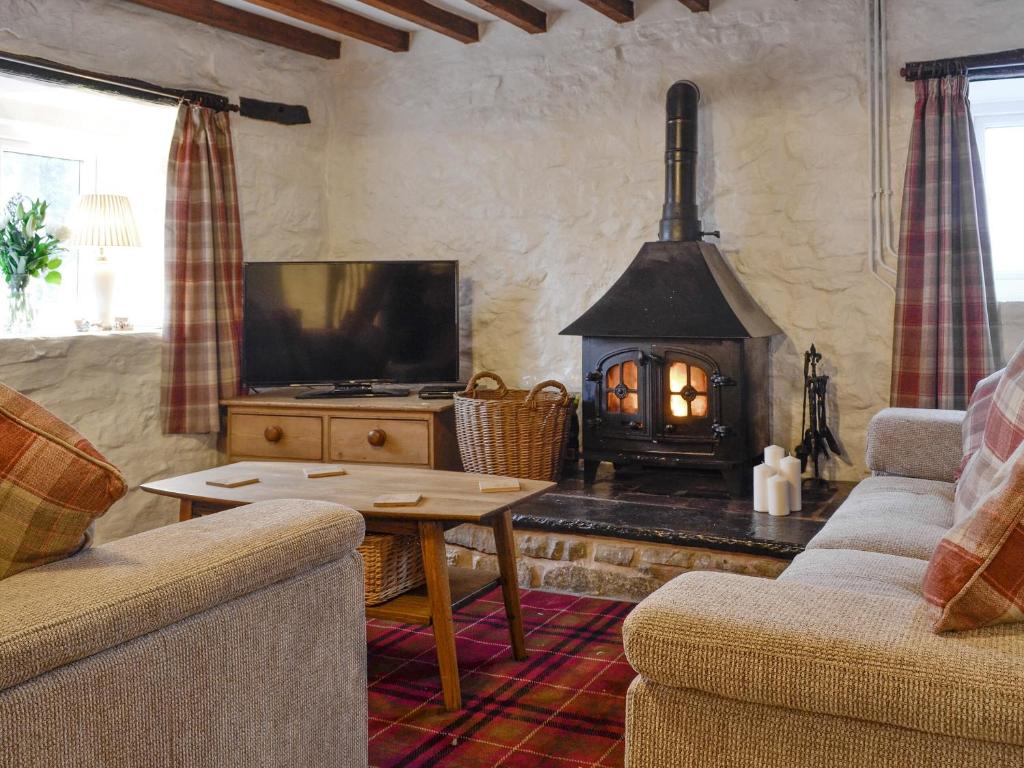 a living room with a fireplace and a tv at Wren Cottage in Cwm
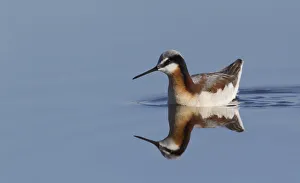 Wilsons Phalarope (female)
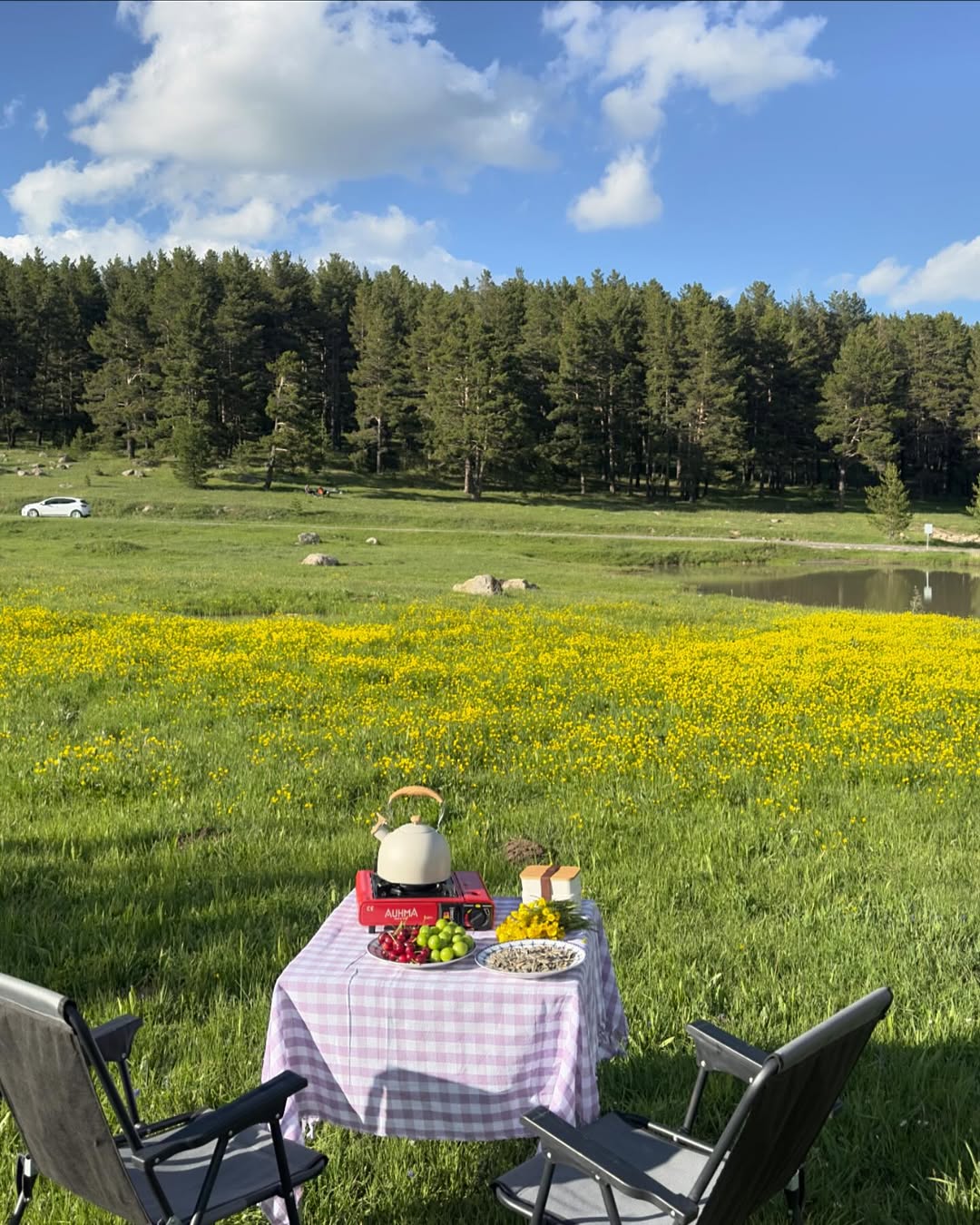 Sarıkamış Ormanları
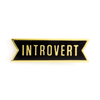 Pin • Introvert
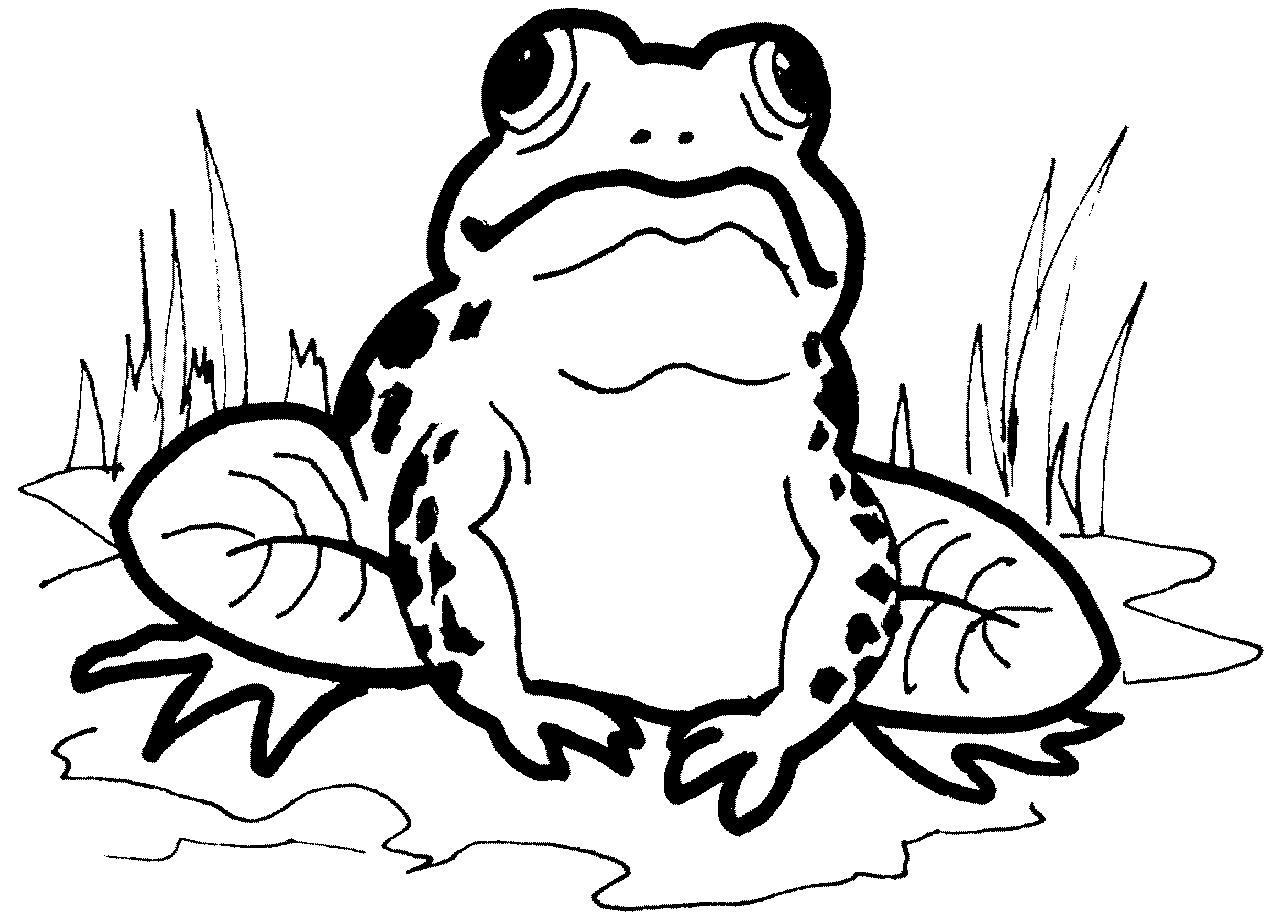 Froggy Clip Art  B W  Page 7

> Goal of the exercise:
Quote the material in full and exactly; do not carry over its pictures.

> Reply to the task:
 a living room with a fireplace and a tv at Wren Cottage in Cwm
 Wilsons Phalarope (female)
 Sarıkamış Ormanları
 Pin • Introvert
 Froggy Clip Art  B W  Page 7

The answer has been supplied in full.